Confronted by a client who balks at a high fee or by a team member whose performance is imperfect, many advisors react by assuming that the problem is their own. One’s fees are lowered and the employee’s job description is remade. But this mindset exposes a lack of self-awareness, according to Stephanie Bogan. Instead, she says that by recognizing your inherent predispositions you can be on a “limitless” path to success.
For the past 20 years, Bogan has been one of the leading practice management minds in the financial services world, which makes her more-than-two-year hiatus from the profession perplexing to outsiders. Following a successful career as an independent consultant, Bogan built the profession’s first online, interactive practice management tool and sold her firm, Quantuvis Consulting, to the Genworth organization, taking a senior management role with the company. She later served as a key practice management executive at United Capital.
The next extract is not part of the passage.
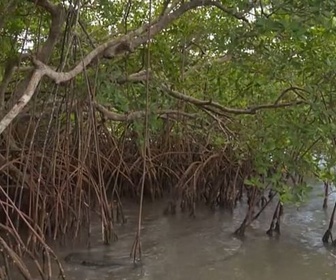 Replay Invitation au voyage - 19/11/2024 - La mangrove, terre nourricière des Martiniquais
Then, suddenly, an important consultant and thought leader disappeared to a beach in Costa Rica.
The past two years have not been wasted, however. “It wasn’t about running away from something; I felt like I was moving toward something,” Bogan says, “but at first I didn’t know what it was. All I knew was that it was hard to walk away, because I had really wrapped a huge part of my identity into who I was and what I’d accomplished. In hindsight, business was a way to convince myself that I was significant. I was successful, I had sold my company, and I had taken on a huge new opportunity. By all accounts, I had checked all the boxes. Then I learned that the typical definition of success doesn’t solve for what really matters.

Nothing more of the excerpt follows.